God heals not only the sick eyes of the body, but whoever cooperates with the grace given by God heals the eyes of the soul. Not only does one realize that God has helped him in natural things, illness, misfortune, failure, he also changes his relationship with spiritual values ​​and becomes twice as rich. They can say after personal knowledge that not only are the eyes of the body healthy, but the eyes of the soul must also be used. He who stubbornly accepts God’s help as a Pharisee and remains opposed to him must realize that Jesus is addressing him also: “If you were blind, you would not have sin. But you say, ‘We see.’ So your sin remains ”(John 9:41). Everyone builds our happiness. Not illness is a sign of sin, but a persistence in the hardness of the heart. Isn’t that our case? It is not enough only for the eyes of others to be a Christian, for mass … when our eyes of the soul cannot see for our sins. He who does not have the light of faith, hope and love in him is on the road that leads to death. God does not want the death of man, but to turn and live.

Every act, deed, manifestation of faith is an enrichment heading to God, eternal happiness.

Bruno Ferraro wrote: Many years ago, fleeing a terrible bully, several families found shelter in the wild Andes hills. Here they found a green valley and fertile ground beneath the five-thousand-meter-high peaks, and a creek passed through.
Over time, a strange disease began to spread among the hiding. Children were blinded first. Adults became their guides unless blind children were well oriented in the environment. So it happened that there was an unseen community. When the fourteenth generation saw no more, a seer came to that land. He realized that these blind people lead their simple, humble lives. He stayed between them, convinced that blindness did not hinder them at all. After a time of blindness, it began to hinder that this person could see. He decided to run. He did it.

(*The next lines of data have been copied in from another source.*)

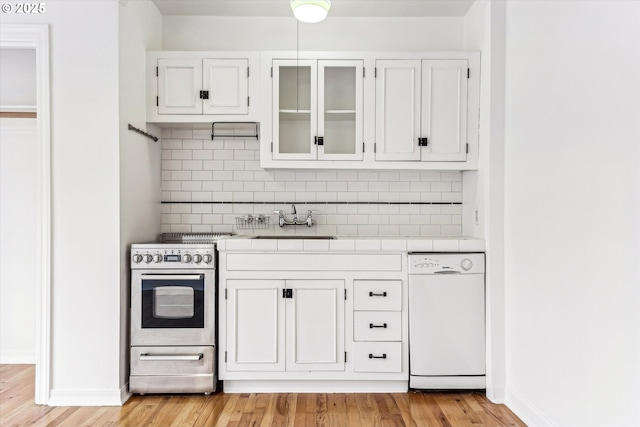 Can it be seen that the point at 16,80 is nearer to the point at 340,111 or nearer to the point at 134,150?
the point at 134,150

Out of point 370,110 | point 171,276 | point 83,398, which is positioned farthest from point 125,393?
point 370,110

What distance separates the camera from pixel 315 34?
3447 mm

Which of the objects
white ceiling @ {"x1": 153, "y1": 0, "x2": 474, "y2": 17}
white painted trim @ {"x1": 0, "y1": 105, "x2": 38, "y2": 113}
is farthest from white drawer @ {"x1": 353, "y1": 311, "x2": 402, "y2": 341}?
white painted trim @ {"x1": 0, "y1": 105, "x2": 38, "y2": 113}

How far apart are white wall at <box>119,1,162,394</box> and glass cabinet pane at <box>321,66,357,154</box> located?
4.29 feet

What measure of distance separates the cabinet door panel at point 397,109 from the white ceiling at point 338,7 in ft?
1.59

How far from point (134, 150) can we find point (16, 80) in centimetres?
128

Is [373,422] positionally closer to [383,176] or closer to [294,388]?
[294,388]

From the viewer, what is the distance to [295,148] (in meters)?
3.15

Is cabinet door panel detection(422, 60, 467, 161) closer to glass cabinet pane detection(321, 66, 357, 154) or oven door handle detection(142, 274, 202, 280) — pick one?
glass cabinet pane detection(321, 66, 357, 154)

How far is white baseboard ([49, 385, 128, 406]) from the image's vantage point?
105 inches

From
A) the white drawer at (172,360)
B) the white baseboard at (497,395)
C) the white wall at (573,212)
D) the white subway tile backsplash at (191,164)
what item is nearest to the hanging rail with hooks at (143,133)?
the white subway tile backsplash at (191,164)

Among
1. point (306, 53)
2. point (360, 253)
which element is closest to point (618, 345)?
point (360, 253)

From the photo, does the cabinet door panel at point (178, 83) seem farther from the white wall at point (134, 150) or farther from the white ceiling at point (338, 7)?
the white ceiling at point (338, 7)

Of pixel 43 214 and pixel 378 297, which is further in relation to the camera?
pixel 378 297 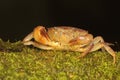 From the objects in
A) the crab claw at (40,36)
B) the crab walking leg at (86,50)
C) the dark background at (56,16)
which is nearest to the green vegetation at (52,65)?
the crab walking leg at (86,50)

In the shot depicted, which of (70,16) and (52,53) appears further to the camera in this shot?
(70,16)

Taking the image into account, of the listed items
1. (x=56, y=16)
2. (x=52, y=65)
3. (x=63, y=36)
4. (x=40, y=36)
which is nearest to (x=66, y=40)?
(x=63, y=36)

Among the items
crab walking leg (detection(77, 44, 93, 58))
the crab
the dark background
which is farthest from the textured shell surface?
the dark background

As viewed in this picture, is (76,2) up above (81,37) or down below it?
above

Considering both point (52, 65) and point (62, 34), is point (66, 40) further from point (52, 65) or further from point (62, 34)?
point (52, 65)

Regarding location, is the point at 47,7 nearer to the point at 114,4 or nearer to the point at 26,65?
the point at 114,4

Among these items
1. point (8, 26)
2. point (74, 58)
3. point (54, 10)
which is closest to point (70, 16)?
point (54, 10)

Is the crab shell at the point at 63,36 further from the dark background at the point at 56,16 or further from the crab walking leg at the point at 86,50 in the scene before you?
the dark background at the point at 56,16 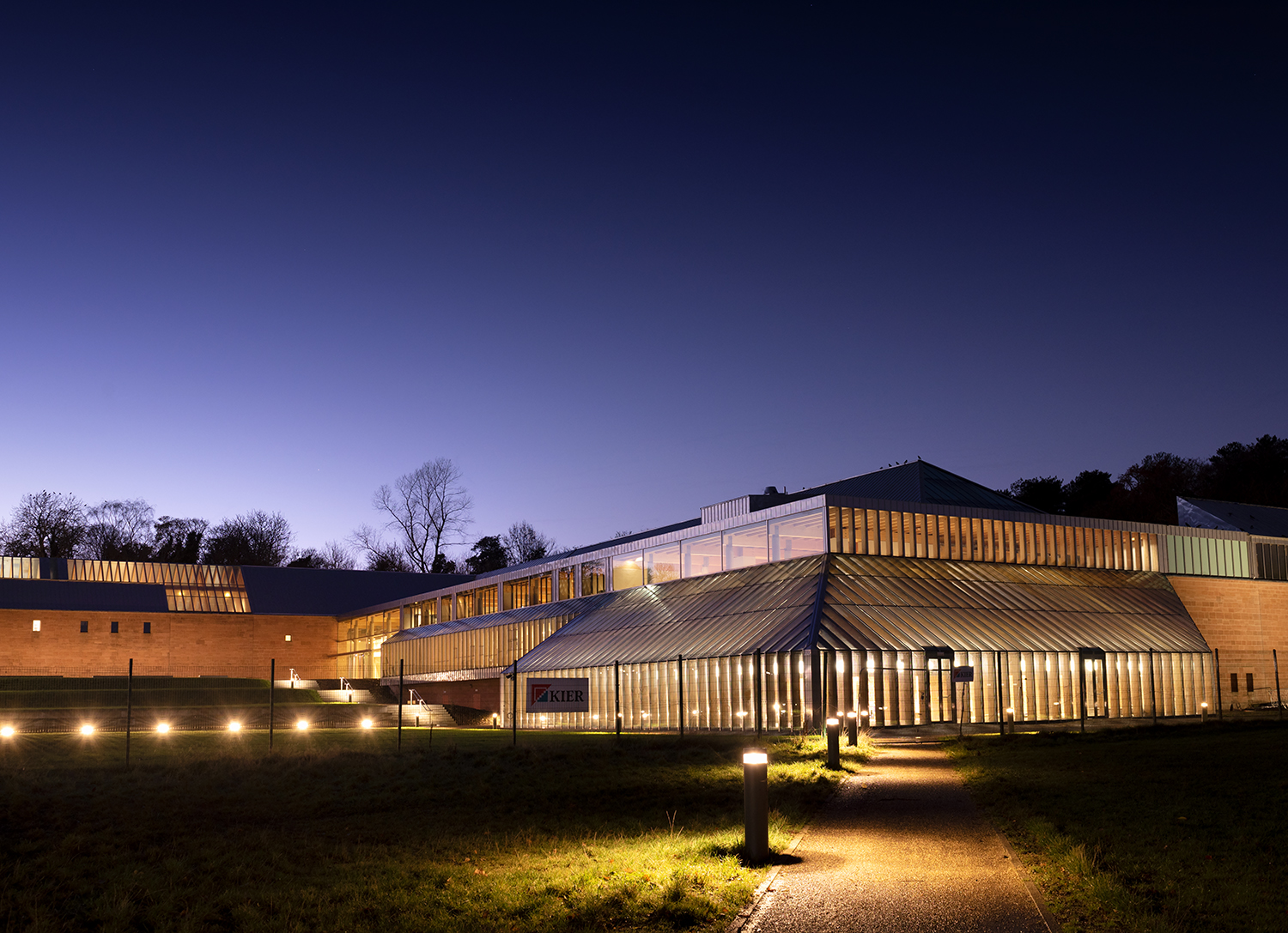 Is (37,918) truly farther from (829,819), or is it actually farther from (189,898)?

It can be said that many find themselves in personal blindness. They raised their tribes in blindness. The fact that many do not see what God gives does not mean that it does not exist. God created man to conquer the world and to rule over the work of God and not to become a slave of God’s work that God created for man out of love for him. God has not ceased to love man. He puts on his eyes the “mud”, many values ​​of spirit, art, science, through which, when used correctly, one can acquire knowledge and consciousness of true happiness, freedom, wealth. But one must cooperate with God. The fulfillment of God’s will also include an appropriate, regular thanksgiving to God for His gifts. Every adult, free and reason-conscious person is then responsible for himself. This also obliges us.

If we have already visited one of the beautiful caves, we know that although we admire the limestone and aragonite works, we cannot live longer in a cave without light. And on the other hand, we realize that we can have everything in the world – comfort, wealth, fame, power – and it will not fill a person entirely. Perhaps, as long as he is still healthy, young and certainly only in this world. God wants us to live forever. Therefore, it reminds us of the care of the eyes of the soul. To look at the world not only through the eyes of the body.